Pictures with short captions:
────────────────
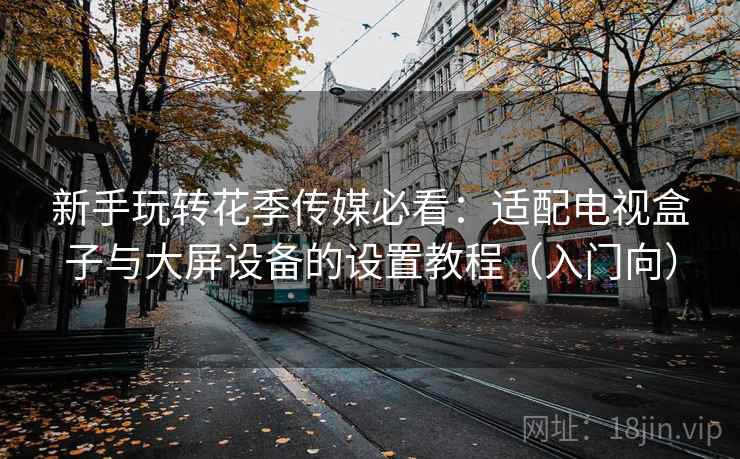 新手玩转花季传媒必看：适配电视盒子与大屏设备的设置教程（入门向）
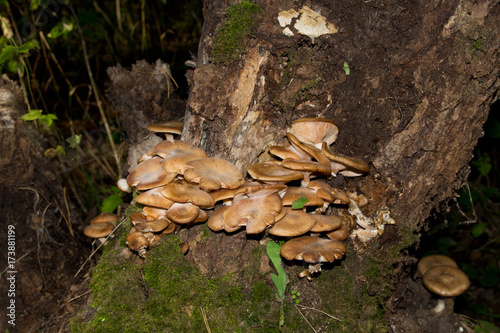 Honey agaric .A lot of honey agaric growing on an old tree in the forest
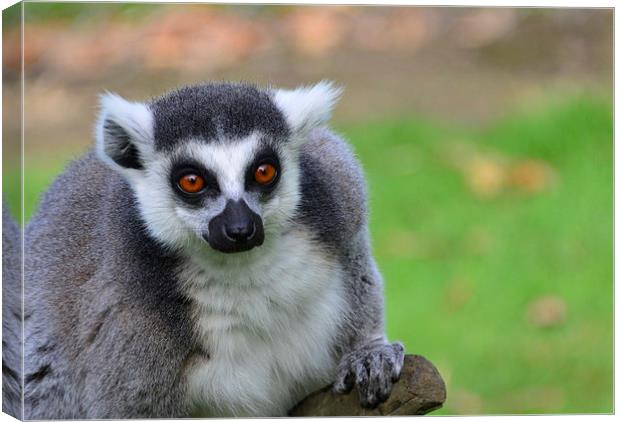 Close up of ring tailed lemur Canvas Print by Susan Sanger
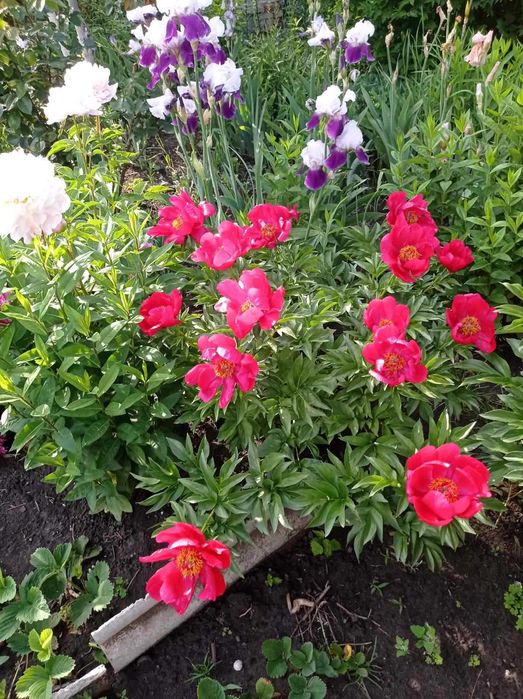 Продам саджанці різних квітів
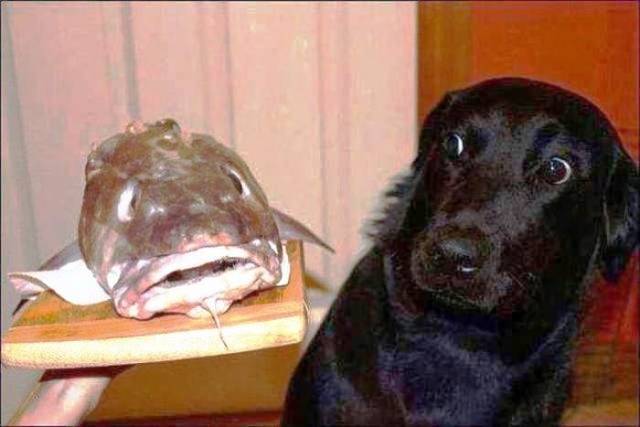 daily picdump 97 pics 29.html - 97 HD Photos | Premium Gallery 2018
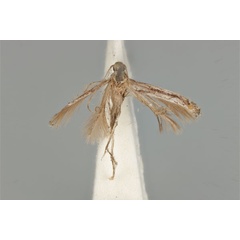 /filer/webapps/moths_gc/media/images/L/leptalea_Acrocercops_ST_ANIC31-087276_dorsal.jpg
────────────────
WHAT YOU SHOULD DO =>
Could you retype the records above exactly, omitting the pictures?

EXERCISE SOLUTION =>
 新手玩转花季传媒必看：适配电视盒子与大屏设备的设置教程（入门向）
 Honey agaric .A lot of honey agaric growing on an old tree in the forest
 Close up of ring tailed lemur Canvas Print by Susan Sanger
 Продам саджанці різних квітів
 daily picdump 97 pics 29.html - 97 HD Photos | Premium Gallery 2018
 /filer/webapps/moths_gc/media/images/L/leptalea_Acrocercops_ST_ANIC31-087276_dorsal.jpg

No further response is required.